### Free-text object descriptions
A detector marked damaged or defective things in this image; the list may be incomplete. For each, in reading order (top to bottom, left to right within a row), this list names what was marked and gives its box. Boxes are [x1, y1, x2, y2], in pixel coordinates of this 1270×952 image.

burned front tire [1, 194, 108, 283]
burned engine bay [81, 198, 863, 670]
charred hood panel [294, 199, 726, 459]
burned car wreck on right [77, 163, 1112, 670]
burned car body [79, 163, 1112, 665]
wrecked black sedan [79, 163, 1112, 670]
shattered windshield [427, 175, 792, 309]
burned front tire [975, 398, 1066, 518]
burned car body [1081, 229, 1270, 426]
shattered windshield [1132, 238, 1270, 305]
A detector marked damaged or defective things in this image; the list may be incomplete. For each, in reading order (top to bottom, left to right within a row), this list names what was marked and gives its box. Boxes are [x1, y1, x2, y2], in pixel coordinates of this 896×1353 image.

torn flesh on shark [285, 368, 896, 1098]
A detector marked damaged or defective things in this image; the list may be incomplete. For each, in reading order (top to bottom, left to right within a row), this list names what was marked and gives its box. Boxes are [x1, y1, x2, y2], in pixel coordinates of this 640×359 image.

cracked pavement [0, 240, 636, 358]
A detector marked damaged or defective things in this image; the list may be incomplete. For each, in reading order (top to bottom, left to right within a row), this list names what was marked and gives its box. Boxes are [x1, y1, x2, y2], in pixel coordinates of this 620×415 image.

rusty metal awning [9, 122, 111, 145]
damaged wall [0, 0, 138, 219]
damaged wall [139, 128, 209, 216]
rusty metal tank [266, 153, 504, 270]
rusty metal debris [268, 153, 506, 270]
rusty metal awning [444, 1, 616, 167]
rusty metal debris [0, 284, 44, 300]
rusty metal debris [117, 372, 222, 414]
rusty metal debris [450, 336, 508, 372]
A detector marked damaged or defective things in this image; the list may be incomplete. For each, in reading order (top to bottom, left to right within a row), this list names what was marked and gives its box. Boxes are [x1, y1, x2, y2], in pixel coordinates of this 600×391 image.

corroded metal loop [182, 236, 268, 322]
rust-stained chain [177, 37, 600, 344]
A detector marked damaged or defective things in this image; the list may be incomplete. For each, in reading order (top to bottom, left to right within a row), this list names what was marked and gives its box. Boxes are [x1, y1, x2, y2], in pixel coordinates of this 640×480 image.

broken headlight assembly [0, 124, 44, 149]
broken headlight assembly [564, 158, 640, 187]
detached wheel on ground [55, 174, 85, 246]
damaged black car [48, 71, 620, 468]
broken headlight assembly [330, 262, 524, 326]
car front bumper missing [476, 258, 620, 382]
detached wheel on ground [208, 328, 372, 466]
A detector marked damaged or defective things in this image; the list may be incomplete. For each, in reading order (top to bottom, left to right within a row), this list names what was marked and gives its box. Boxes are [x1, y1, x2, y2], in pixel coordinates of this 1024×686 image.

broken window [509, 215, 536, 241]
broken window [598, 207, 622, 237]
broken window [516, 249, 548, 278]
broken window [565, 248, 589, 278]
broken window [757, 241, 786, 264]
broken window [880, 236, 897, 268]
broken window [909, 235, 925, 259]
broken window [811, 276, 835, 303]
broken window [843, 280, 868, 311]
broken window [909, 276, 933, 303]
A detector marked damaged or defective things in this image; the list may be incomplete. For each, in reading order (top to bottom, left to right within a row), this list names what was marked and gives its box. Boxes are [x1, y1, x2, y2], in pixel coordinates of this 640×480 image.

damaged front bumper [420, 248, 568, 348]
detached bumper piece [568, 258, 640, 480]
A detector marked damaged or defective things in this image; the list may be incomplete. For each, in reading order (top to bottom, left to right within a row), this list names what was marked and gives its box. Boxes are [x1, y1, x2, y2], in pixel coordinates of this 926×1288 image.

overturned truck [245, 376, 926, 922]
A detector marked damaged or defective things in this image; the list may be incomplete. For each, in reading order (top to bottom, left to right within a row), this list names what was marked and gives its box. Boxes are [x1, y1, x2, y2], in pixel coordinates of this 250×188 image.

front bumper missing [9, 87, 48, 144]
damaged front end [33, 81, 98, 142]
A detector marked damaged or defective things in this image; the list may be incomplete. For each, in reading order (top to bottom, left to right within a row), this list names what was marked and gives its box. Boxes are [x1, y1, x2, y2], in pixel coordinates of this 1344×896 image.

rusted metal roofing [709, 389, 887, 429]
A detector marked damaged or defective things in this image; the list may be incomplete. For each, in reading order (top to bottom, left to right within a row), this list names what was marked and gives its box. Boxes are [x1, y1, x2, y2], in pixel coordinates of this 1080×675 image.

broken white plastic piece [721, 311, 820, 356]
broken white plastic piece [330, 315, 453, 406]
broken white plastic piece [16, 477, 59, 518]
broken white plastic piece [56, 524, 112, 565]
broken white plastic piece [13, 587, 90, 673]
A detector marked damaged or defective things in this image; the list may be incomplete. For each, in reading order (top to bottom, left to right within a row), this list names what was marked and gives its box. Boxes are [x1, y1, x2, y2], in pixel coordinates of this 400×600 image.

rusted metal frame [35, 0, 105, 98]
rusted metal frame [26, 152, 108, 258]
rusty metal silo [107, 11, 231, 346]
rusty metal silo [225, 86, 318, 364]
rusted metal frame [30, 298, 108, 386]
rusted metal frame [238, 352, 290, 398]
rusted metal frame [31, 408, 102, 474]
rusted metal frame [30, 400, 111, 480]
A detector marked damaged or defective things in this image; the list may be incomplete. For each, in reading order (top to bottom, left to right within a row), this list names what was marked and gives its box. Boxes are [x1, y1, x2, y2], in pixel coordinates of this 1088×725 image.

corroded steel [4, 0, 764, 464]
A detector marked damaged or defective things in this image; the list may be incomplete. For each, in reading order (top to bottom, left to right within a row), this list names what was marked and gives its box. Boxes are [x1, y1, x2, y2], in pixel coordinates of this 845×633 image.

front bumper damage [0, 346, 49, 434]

### Problem statement
Every one of the records is to be copied word for word.

### Exercise solution
A detector marked damaged or defective things in this image; the list may be incomplete. For each, in reading order (top to bottom, left to right within a row), this list names what was marked and gives its box. Boxes are [x1, y1, x2, y2], in pixel coordinates of this 1270×952 image.

burned front tire [1, 194, 108, 283]
burned engine bay [81, 198, 863, 670]
charred hood panel [294, 199, 726, 459]
burned car wreck on right [77, 163, 1112, 670]
burned car body [79, 163, 1112, 665]
wrecked black sedan [79, 163, 1112, 670]
shattered windshield [427, 175, 792, 309]
burned front tire [975, 398, 1066, 518]
burned car body [1081, 229, 1270, 426]
shattered windshield [1132, 238, 1270, 305]
A detector marked damaged or defective things in this image; the list may be incomplete. For each, in reading order (top to bottom, left to right within a row), this list names what was marked and gives its box. Boxes are [x1, y1, x2, y2], in pixel coordinates of this 896×1353 image.

torn flesh on shark [285, 368, 896, 1098]
A detector marked damaged or defective things in this image; the list may be incomplete. For each, in reading order (top to bottom, left to right within a row), this list names what was marked and gives its box. Boxes are [x1, y1, x2, y2], in pixel coordinates of this 640×359 image.

cracked pavement [0, 240, 636, 358]
A detector marked damaged or defective things in this image; the list may be incomplete. For each, in reading order (top to bottom, left to right within a row), this list names what was marked and gives its box. Boxes are [x1, y1, x2, y2], in pixel coordinates of this 620×415 image.

rusty metal awning [9, 122, 111, 145]
damaged wall [0, 0, 138, 219]
damaged wall [139, 128, 209, 216]
rusty metal tank [266, 153, 504, 270]
rusty metal debris [268, 153, 506, 270]
rusty metal awning [444, 1, 616, 167]
rusty metal debris [0, 284, 44, 300]
rusty metal debris [117, 372, 222, 414]
rusty metal debris [450, 336, 508, 372]
A detector marked damaged or defective things in this image; the list may be incomplete. For each, in reading order (top to bottom, left to right within a row), this list names what was marked and gives its box. Boxes are [x1, y1, x2, y2], in pixel coordinates of this 600×391 image.

corroded metal loop [182, 236, 268, 322]
rust-stained chain [177, 37, 600, 344]
A detector marked damaged or defective things in this image; the list may be incomplete. For each, in reading order (top to bottom, left to right within a row), this list names what was marked and gives its box. Boxes are [x1, y1, x2, y2], in pixel coordinates of this 640×480 image.

broken headlight assembly [0, 124, 44, 149]
broken headlight assembly [564, 158, 640, 187]
detached wheel on ground [55, 174, 85, 246]
damaged black car [48, 71, 620, 468]
broken headlight assembly [330, 262, 524, 326]
car front bumper missing [476, 258, 620, 382]
detached wheel on ground [208, 328, 372, 466]
A detector marked damaged or defective things in this image; the list may be incomplete. For each, in reading order (top to bottom, left to right within a row), this list names what was marked and gives its box. Boxes are [x1, y1, x2, y2], in pixel coordinates of this 1024×686 image.

broken window [509, 215, 536, 241]
broken window [598, 207, 622, 237]
broken window [516, 249, 548, 278]
broken window [565, 248, 589, 278]
broken window [757, 241, 786, 264]
broken window [880, 236, 897, 268]
broken window [909, 235, 925, 259]
broken window [811, 276, 835, 303]
broken window [843, 280, 868, 311]
broken window [909, 276, 933, 303]
A detector marked damaged or defective things in this image; the list may be incomplete. For each, in reading order (top to bottom, left to right within a row), this list names what was marked and gives its box. Boxes are [x1, y1, x2, y2], in pixel coordinates of this 640×480 image.

damaged front bumper [420, 248, 568, 348]
detached bumper piece [568, 258, 640, 480]
A detector marked damaged or defective things in this image; the list may be incomplete. For each, in reading order (top to bottom, left to right within a row), this list names what was marked and gives its box. Boxes are [x1, y1, x2, y2], in pixel coordinates of this 926×1288 image.

overturned truck [245, 376, 926, 922]
A detector marked damaged or defective things in this image; the list may be incomplete. For each, in reading order (top to bottom, left to right within a row), this list names what was marked and gives its box. Boxes are [x1, y1, x2, y2], in pixel coordinates of this 250×188 image.

front bumper missing [9, 87, 48, 144]
damaged front end [33, 81, 98, 142]
A detector marked damaged or defective things in this image; the list may be incomplete. For each, in reading order (top to bottom, left to right within a row), this list names what was marked and gives its box. Boxes are [x1, y1, x2, y2], in pixel coordinates of this 1344×896 image.

rusted metal roofing [709, 389, 887, 429]
A detector marked damaged or defective things in this image; the list may be incomplete. For each, in reading order (top to bottom, left to right within a row), this list names what was marked and gives its box. Boxes are [x1, y1, x2, y2], in pixel coordinates of this 1080×675 image.

broken white plastic piece [721, 311, 820, 356]
broken white plastic piece [330, 315, 453, 406]
broken white plastic piece [16, 477, 59, 518]
broken white plastic piece [56, 524, 112, 565]
broken white plastic piece [13, 587, 90, 673]
A detector marked damaged or defective things in this image; the list may be incomplete. For each, in reading order (top to bottom, left to right within a row), this list names what was marked and gives its box. Boxes are [x1, y1, x2, y2], in pixel coordinates of this 400×600 image.

rusted metal frame [35, 0, 105, 98]
rusted metal frame [26, 152, 108, 258]
rusty metal silo [107, 11, 231, 346]
rusty metal silo [225, 86, 318, 364]
rusted metal frame [30, 298, 108, 386]
rusted metal frame [238, 352, 290, 398]
rusted metal frame [31, 408, 102, 474]
rusted metal frame [30, 400, 111, 480]
A detector marked damaged or defective things in this image; the list may be incomplete. For each, in reading order (top to bottom, left to right within a row), this list names what was marked and gives its box. Boxes are [x1, y1, x2, y2], in pixel coordinates of this 1088×725 image.

corroded steel [4, 0, 764, 464]
A detector marked damaged or defective things in this image; the list may be incomplete. For each, in reading order (top to bottom, left to right within a row), this list names what was marked and gives its box. Boxes are [x1, y1, x2, y2], in pixel coordinates of this 845×633 image.

front bumper damage [0, 346, 49, 434]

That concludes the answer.